Whether we like it or not those are what people will take a look at when having to choose between one language and another

There's nothing particularly simple and naive about a Web Server framework.

There are better performance benchmarks that test the languages more specifically (e.g. implement RSA encryption from scratch). These web server benchmarks are testing frameworks like Vapour/Kitura, not just Swift in isolation

Wow, some of the Swift code they're comparing here is extremely non-optimal. The worst Swift result on the Swift/Go comparison is the regex-redux test. The implementation there is performing the work on a background Dispatch queue, which is the lowest possible priority for work. It's not at all surprising that it would be slow.

It's also calculating the full unicode grapheme count on the entire (very large) input by using input.count, and then passing that to NSRange as if it were a UTF-16 code point count, which is incorrect behavior that happens to work here because the input is all ASCII data. And it's unnecessary work anyway.

I'm always happy to see Swift performance improve, but the particular benchmarks here are nothing like a fair comparison.


regex-redux is also going to remain a worst case scenario for Swift unless and until we do some sort of native regular expression support. ICU's regex support (which underpins NSRegularExpression) isn't the fastest, but more importantly it operates on UTF16, which means bridging and transcoding when starting from Swift*.

But yeah, putting it on a background queue is baffling.

*though hopefully we're hitting all the ASCII fast paths in the bridging code. If not, that's a bug I should fix.


I used the background queue because when I didn't the performance was similar to the last Swift program on the benchmark list (I don't understand why). As a Java user, looking to move to Swift, I am desperate for someone to submit a much faster implementation (so I can learn from it). But I can't move to Swift if my text processing routines don't at least match Java's performance. I'm glad to know that people on the team are thinking about the problem and I'm certain that when it becomes a priority (I know text processing isn't as important as iOS development) I'll be able to reap the benefits.

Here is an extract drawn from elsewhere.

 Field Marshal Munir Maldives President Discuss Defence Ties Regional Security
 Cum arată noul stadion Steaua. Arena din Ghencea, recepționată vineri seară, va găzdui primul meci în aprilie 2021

Apart from the potential correctness issues here (full Unicode text processing vs UTF-16 processing) - required or not - Micro benchmarks involving GC languages are always a little weird, because they won't usually hit the GC.

P.S.: FileHandle.standardInput.readDataToEndOfFile, maybe just change that to Data(contentsOfFile:), probably a little faster.


I considered submitting an improved implementation, but the documentation on the website seems to suggest it isn’t regularly being updated anymore. Is that incorrect?

They are still active. Submissions are accepted on their GitLab.